Let me draw the picture from the beginning.
EFI memory map contains various memory regions. Some of them are marked
as not needed after ExitBootServices() call (done in Xen before
launching dom0). This includes EFI_BOOT_SERVICES_DATA and
EFI_BOOT_SERVICES_CODE.
EFI SystemTable contains pointers to various ConfigurationTables -
physical addresses (at least in this case). Xen does interpret some of
them, but not ESRT. Xen pass the whole (address of) SystemTable to Linux
dom0 (at least in PV case). Xen doesn't do anything about tables it
doesn't understand.
Now, the code in Linux takes the (ESRT) table address early and checks
the memory map for it. We have 3 cases:
- it points at area marked as neither EFI_*_SERVICES_DATA, nor with
EFI_MEMORY_RUNTIME attribute -> Linux refuse to use it
- it points to EFI_RUNTIME_SERVICES_DATA or with EFI_MEMORY_RUNTIME
attribute - Linux uses the table; memory map already says the area
belongs to EFI and the OS should not use it for something else
- it points to EFI_BOOT_SERVICES_DATA - Linux mark the area as reserved
to not release it after calling ExitBootServices()

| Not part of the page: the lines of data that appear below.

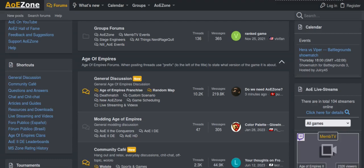In June 2023, the ownership of AoZone, a popular Age of Empires forum, went through several changes.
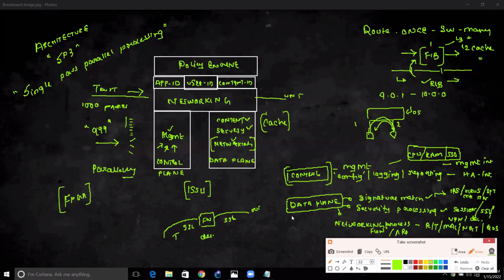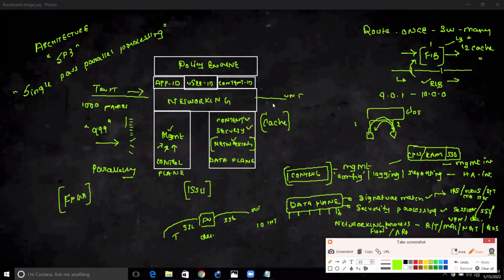All physical interfaces on the firewall — say 10 physical ports — are part of the data plane architecture. To summarize Single Pass Parallel Processing: for a session of one thousand packets, only the first packet is inspected for App ID, User ID, and Content ID. A cache is created from that inspection, and if the packet is allowed, the remaining 999 packets are processed against the cache, without requiring all CPUs to re-inspect each packet.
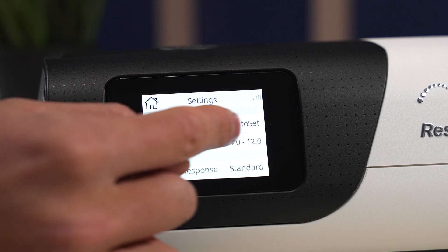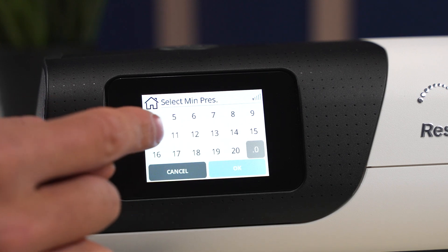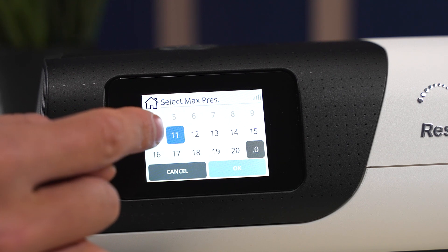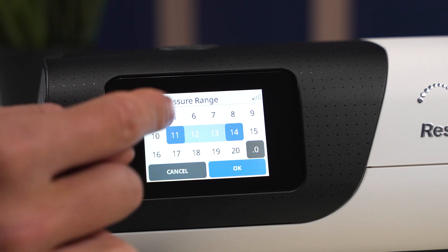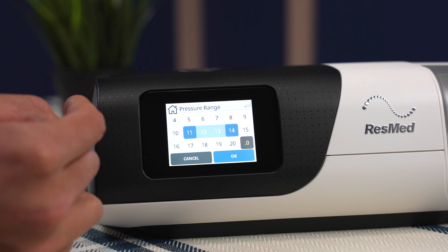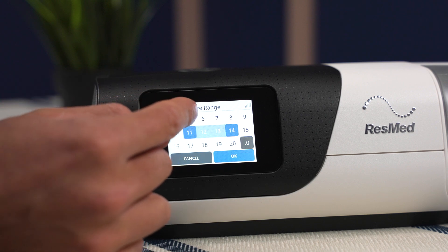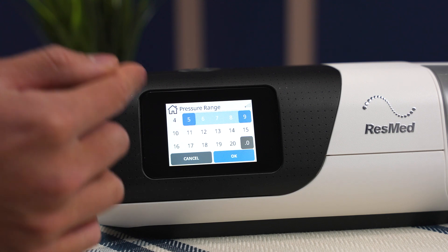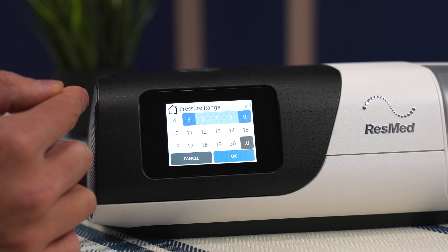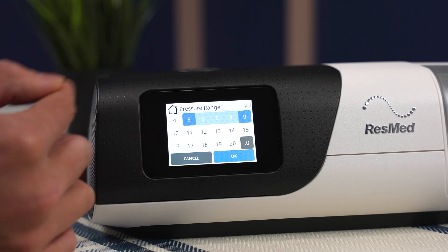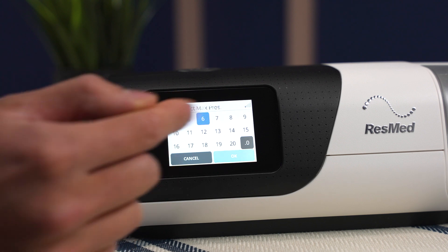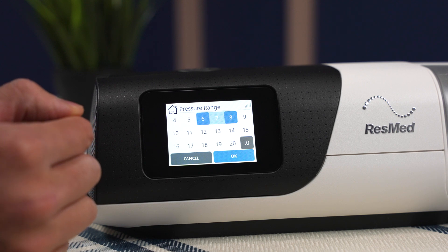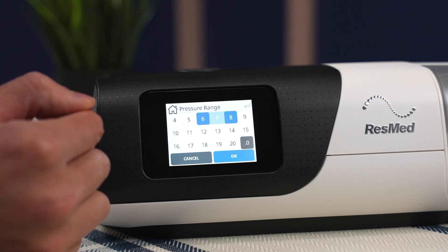Now we can see the pressure range is from 4 to 12. You can change the pressure range just like so — almost looks like you're booking a flight. So if you know your optimal pressure is a 7, for example, you might want to go from 5 to 9. Sometimes if the pressure range is too wide it'll fluctuate a little too much and might wake you up, so maybe you'd go from a 6 to an 8 so it's a little closer together and doesn't fluctuate as much throughout the night.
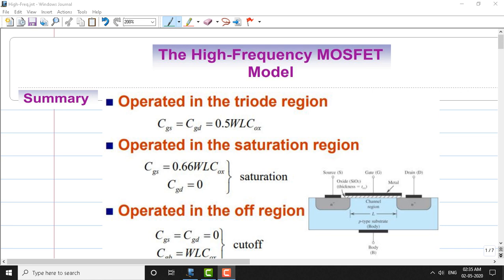Good morning, welcome to the online video lecture on analog circuits. In the last class we discussed MOSFET internal capacitance and junction capacitances. Before we proceed to today's topic, which is the high frequency MOSFET model, let us review the formulas derived in the last class. The first formula is when the MOSFET is operated in a triode region.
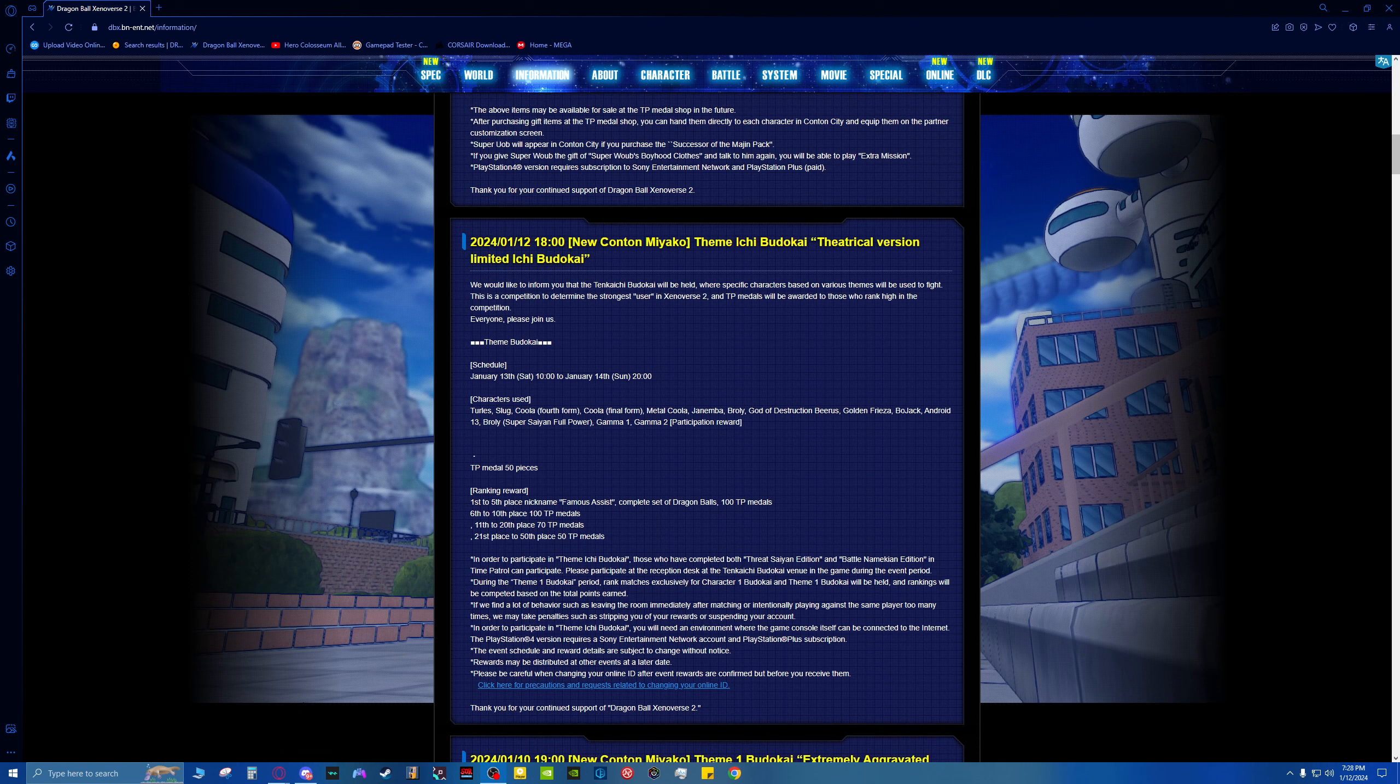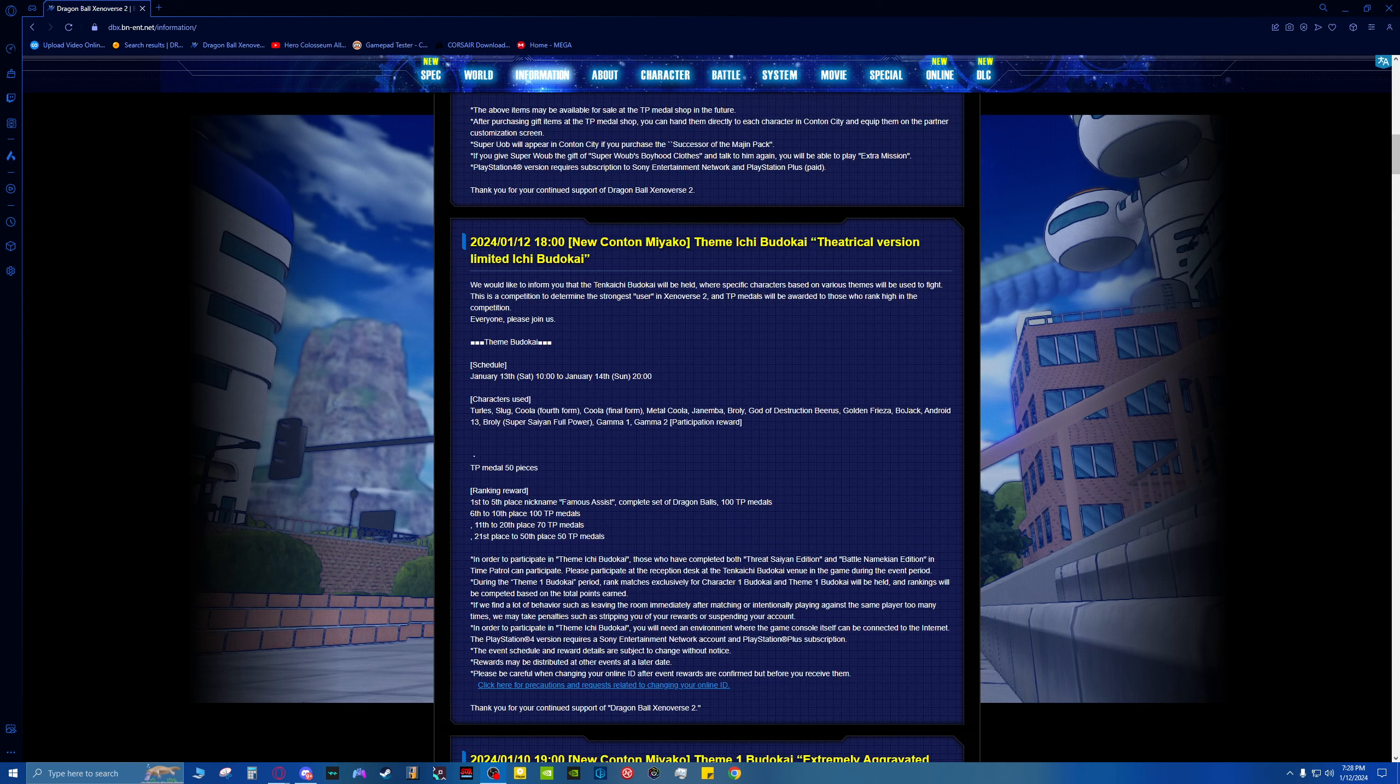Next up we have the Theme Ichi Brutakai Theatrical Version, Limited Ichi Brutakai. See all the details right here. It'll be from January the 13th, so tomorrow to January the 14th.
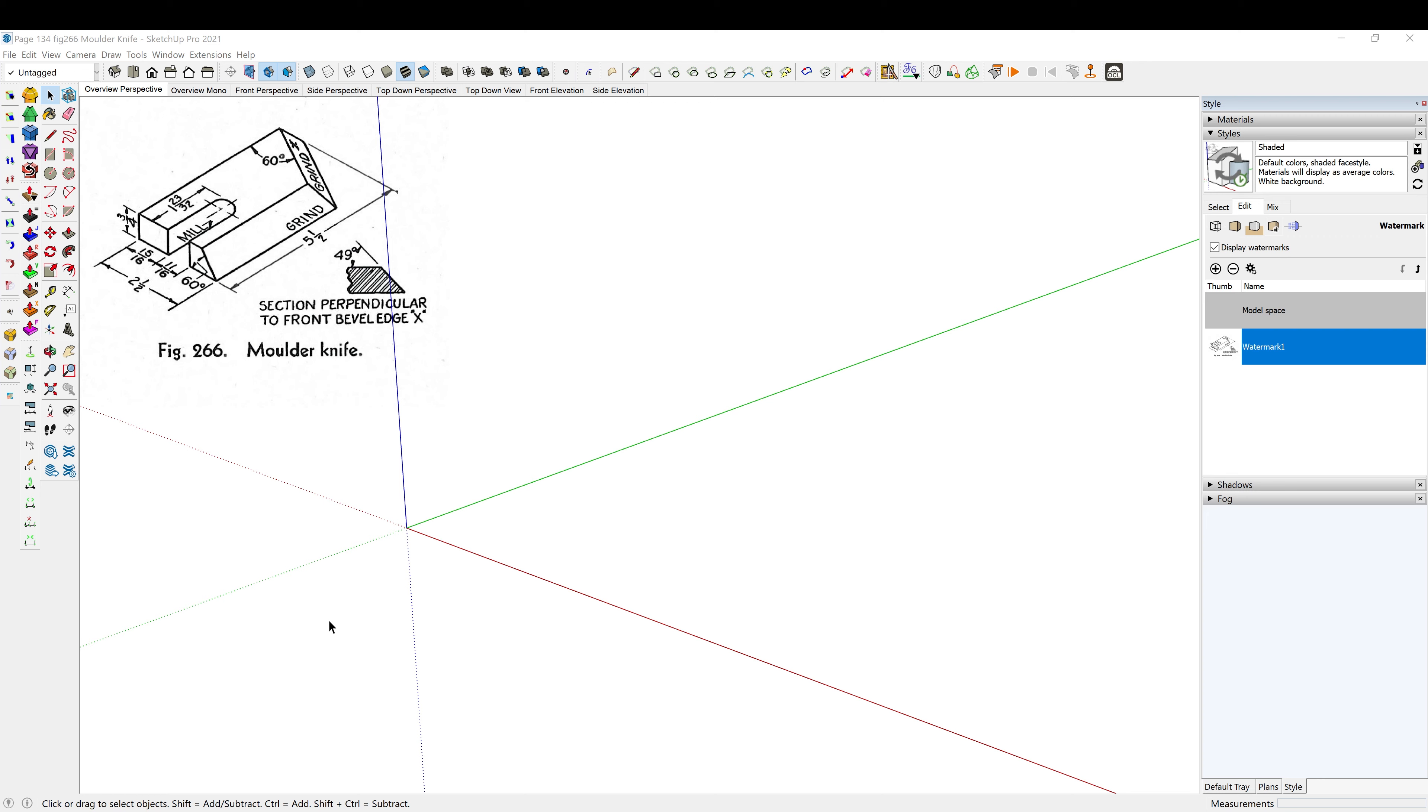All right, today's daily practice drawing is a molder knife from the 1946 textbook we've been working from. More information in the description down below, and as always I will be calling out my shortcut keys if you want to draw along.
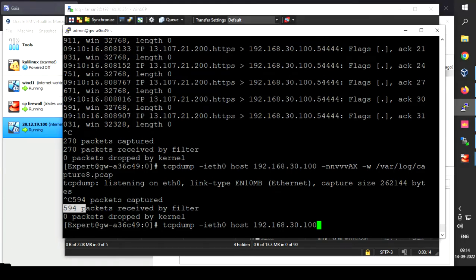Today we are going to capture packets using the tcpdump tool — specifically packets passing through a CheckPoint firewall. We are going to save the traffic in .pcap file format so we can analyze and troubleshoot it using Wireshark, which provides more granular options and a graphical user interface. We have to export the captured traffic as a .pcap file and open it in Wireshark.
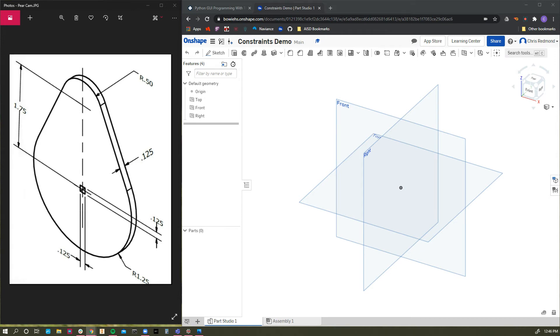Hey everybody, welcome back to the Onshape series. I am Mr. Redmond. Today we're going to talk about sketch constraints.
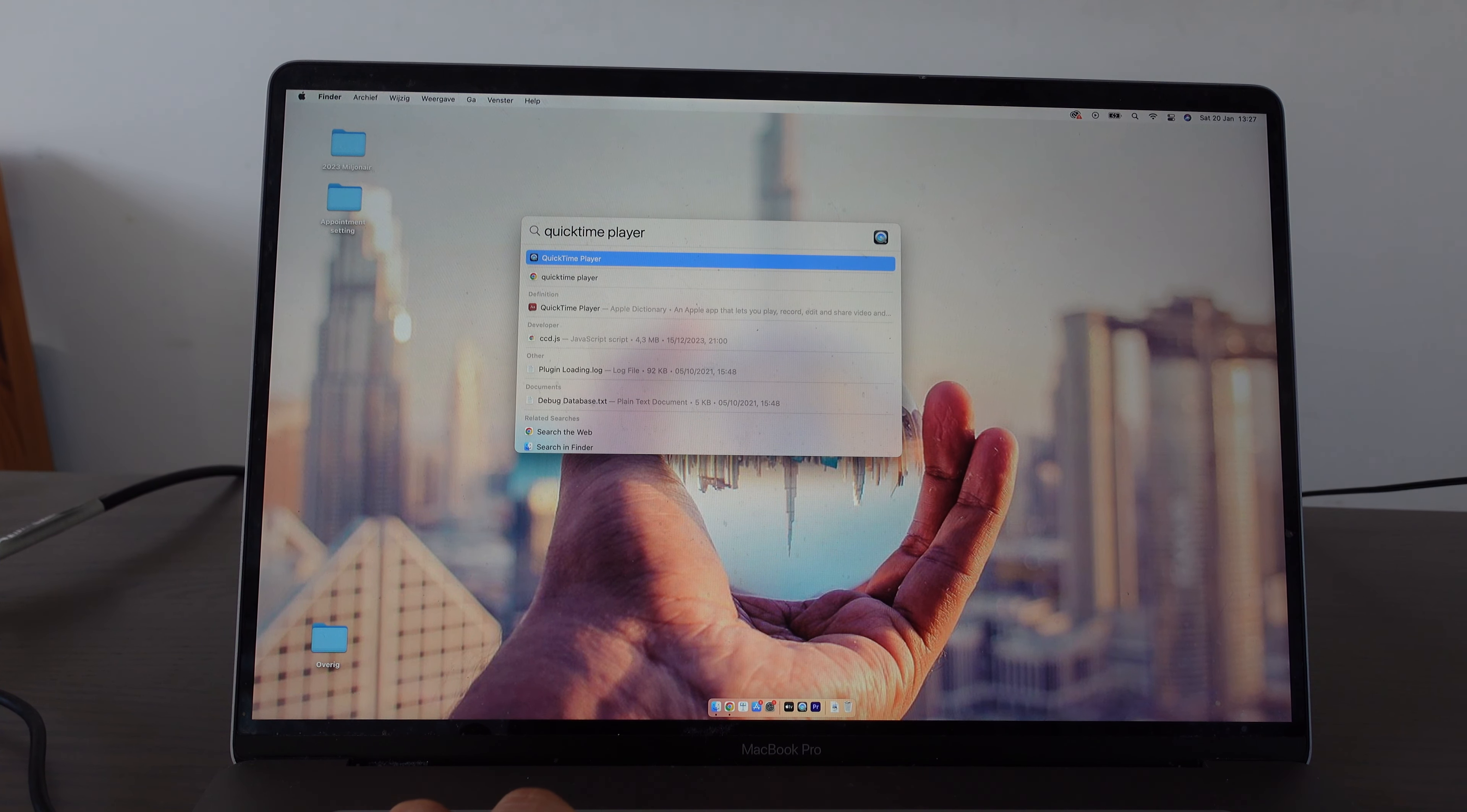QuickTime Player is a program that is automatically installed on every Mac, and with QuickTime Player you can really easily record your screen.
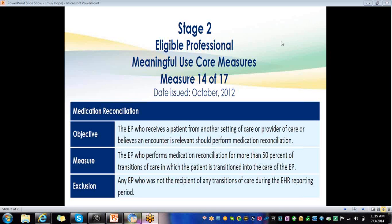Hello. I want to welcome everybody to this Meaningful Use core measure training video. This is on measure 14 of 17, the Med Reconciliation.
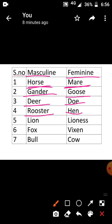Come to the fifth one — lion. Lion is a masculine name, lioness is a feminine name. Come to the sixth one — fox. Fox is a masculine name, vixen is a feminine name. Come to the seventh one — bull. Bull is a masculine name, cow is a feminine name.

The problematic is the third case - at the time when Linux dom0 is run,
ExitBootServices() was already called and EFI_BOOT_SERVICES_* memory was
already released. It could be already used for something else (for
example Xen could overwrite it while loading dom0).
Note the problematic case should be the most common - UEFI specification
says "The ESRT shall be stored in memory of type EfiBootServicesData"
(chapter 22.3 of UEFI Spec v2.6).
For this reason, to use ESRT in dom0, Xen should do something about it
before ExitBootServices() call. While analyzing all the EFI tables is
probably not a viable option, it can do some simple action:
- retains all the EFI_BOOT_SERVICES_* areas - there is already code
for that, controlled with /mapbs boot switch (to xen.efi, would need
another option for multiboot2+efi)
- have a list of tables to retain - since Xen already do analyze some
of the ConfigurationTables, it can also have a list of those to
preserve even if they live in EFI_BOOT_SERVICES_DATA. In this case,
while Xen doesn't need to parse the whole table, it need to parse it's
header to get the table size - to reserve that memory and not reuse
it after ExitBootServices().
I think the second solution is slightly more elegant.
--
Best Regards,
Marek Marczykowski-Górecki
Invisible Things Lab
A: Because it messes up the order in which people normally read text.
Q: Why is top-posting such a bad thing?